When to Go and What to Know
Visby's specialty coffee scene is most alive from May through September, when the roasters are fully staffed and the green bean supply chain is reliable. Weekday mornings are consistently the best time to visit, as weekends bring cruise-ship crowds that overwhelm the smaller spaces. If you are planning to work from a café, aim for the harbor-side brew bar or the bookshop café, both of which have reliable Wi-Fi and accessible power. Bring a layer for outdoor seating, even in summer, because the Baltic wind cuts through the ringwall without warning. Most roasters close by early evening, so plan your visits before 5 p.m.
Frequently Asked Questions
What is the most reliable neighborhood in Visby for digital nomads and remote workers?
The old town inside the ringwall, particularly the streets around Strandgatan and Adelsgatan, has the highest concentration of cafés with reliable Wi-Fi and available power sockets. Most of these cafés open by 8 a.m. and offer stable connections suitable for video calls. The east quarter is quieter but has fewer options, so plan accordingly if you need consistent connectivity.
What are the average internet download and upload speeds in Visby's central cafés and workspaces?
Most central cafés in Visby report download speeds between 50 and 100 Mbps and upload speeds between 20 and 50 Mbps, based on standard broadband infrastructure on Gotland. Speeds can drop during peak hours, particularly on weekends when cruise ships are in port. The harbor-side locations tend to have slightly faster connections due to newer infrastructure near the ferry terminal.
How easy is it to find cafés with ample charging sockets and reliable power backups in Visby?
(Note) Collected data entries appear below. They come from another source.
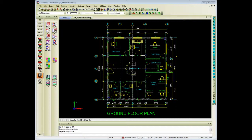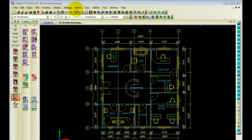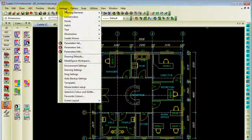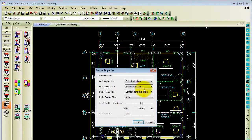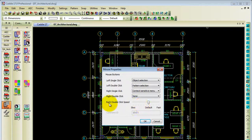Let us see how we can make your day-to-day drafting experience easier. One of those settings is by going to Settings at the top, choosing Mouse Button Setup, and in Mouse Button Setup you will see you now have a new option where you can set your right double click speed.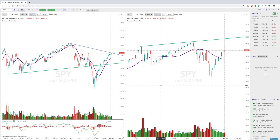Hey everybody, Jake here with TrendSpider to go over one of the main features that really differentiates TrendSpider from other platforms, and that is multi-time frame analysis.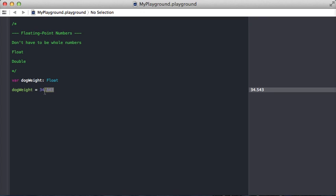Remember, the definition is that the float doesn't have to be a whole number. You can still pass a whole number into a float and it computes.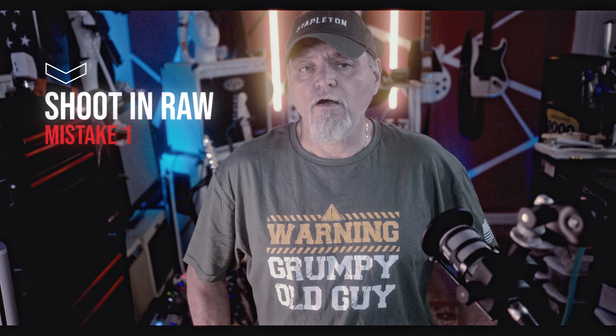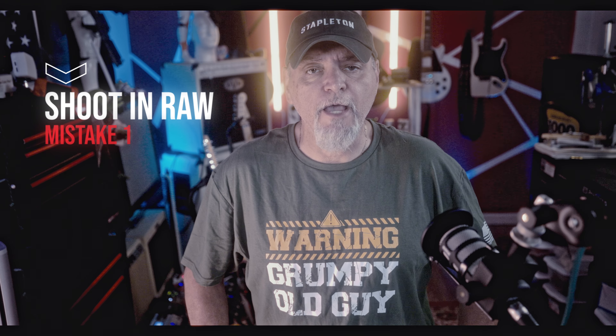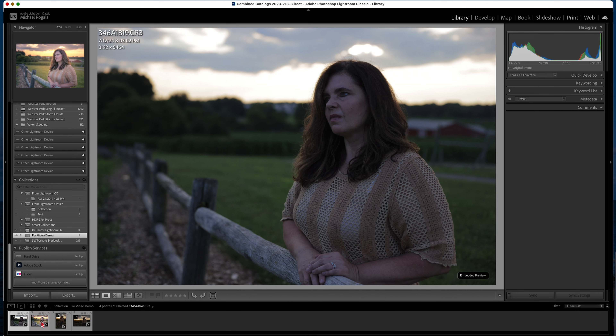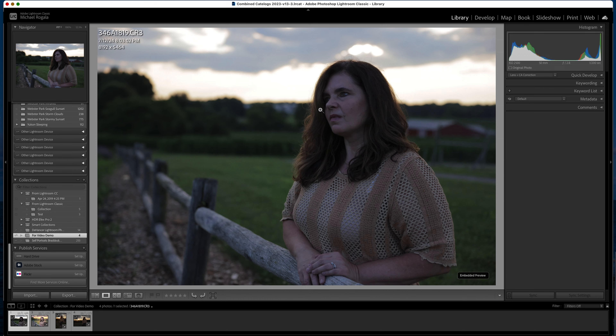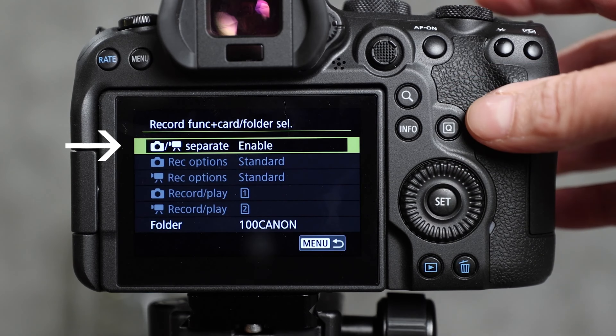RAW files contain all the image data captured by your camera sensor, giving you much more flexibility in post-processing. JPEG files compress the data, reducing your ability to make adjustments in post. Always shoot in RAW to retain the highest quality and detail in your photos.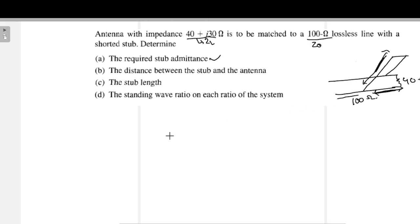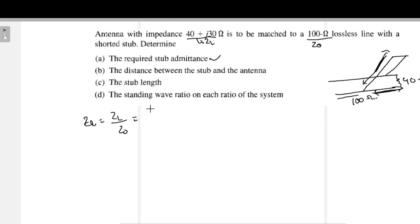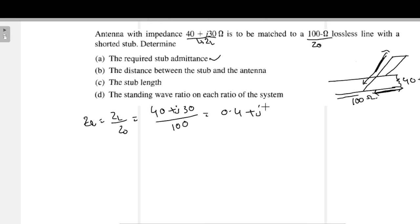Before solving, we need to find the normalized impedance. The normalized load impedance equals ZL divided by Z0, which is 40 plus j30 divided by 100, giving us 0.4 plus j0.3. This is the load point.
Charging sockets are available at most specialty coffee spots in the old town, though the number varies significantly. Larger cafés near the cathedral and the harbor typically have six to eight sockets, while smaller roasters may have only two or three. Power backups are not standard at most independent cafés, so carrying a portable charger is advisable if you plan to work for extended periods.
Are there good 24/7 or late-night co-working spaces available in Visby?
Visby does not currently have dedicated 24/7 co-working spaces. Most cafés close by 6 p.m., and the latest-serving spots shut by 8 p.m. during the summer season. The public library near the museum offers extended hours on certain weekdays, but access is limited to standard library services rather than a co-working environment. Remote workers needing late-night access typically rely on hotel business centers or personal accommodations.
Is Visby expensive to visit? Give a realistic daily budget breakdown for mid-tier travelers.
A mid-tier daily budget for Visby runs approximately 1,200 to 1,800 SEK per person. This includes a hotel or guesthouse at 800 to 1,200 SEK per night, meals at 300 to 500 SEK per day, and coffee at 40 to 60 SEK per cup at specialty roasters. Bicycle rental adds about 150 SEK per day, and museum entry fees range from 80 to 120 SEK per site. Budgets can be reduced by staying in hostels outside the ringwall or self-catering from grocery stores.